Required work: In this exercise, return the whole listing exactly, excluding any images.

Information shown:
»»

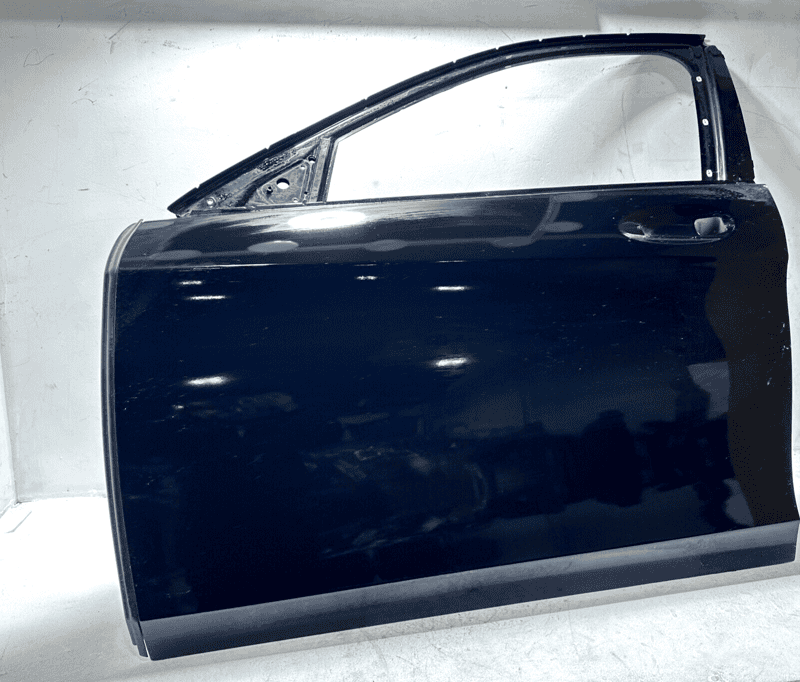 2014-2017 Mercedes S550 Front Left Driver Side Exterior Door Shell *040* OEM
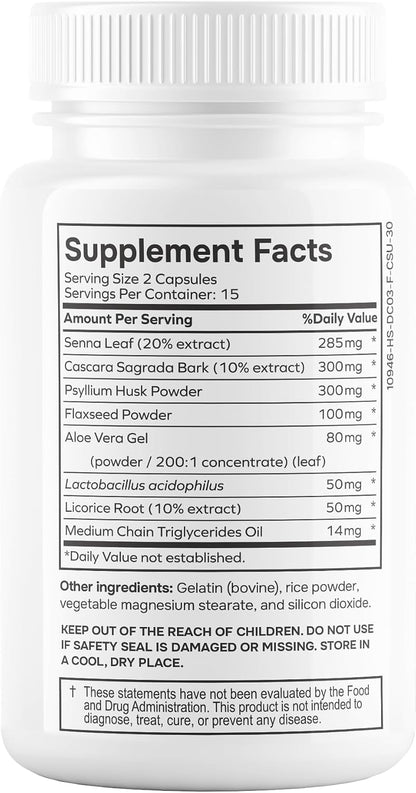 envitamin Coloslim & Methylated Multivitamin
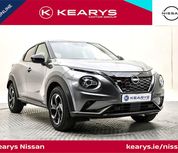 Nissan Juke 2023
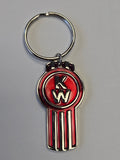 Logo Keychain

««

Written answer:
 2014-2017 Mercedes S550 Front Left Driver Side Exterior Door Shell *040* OEM
 envitamin Coloslim & Methylated Multivitamin
 Nissan Juke 2023
 Logo Keychain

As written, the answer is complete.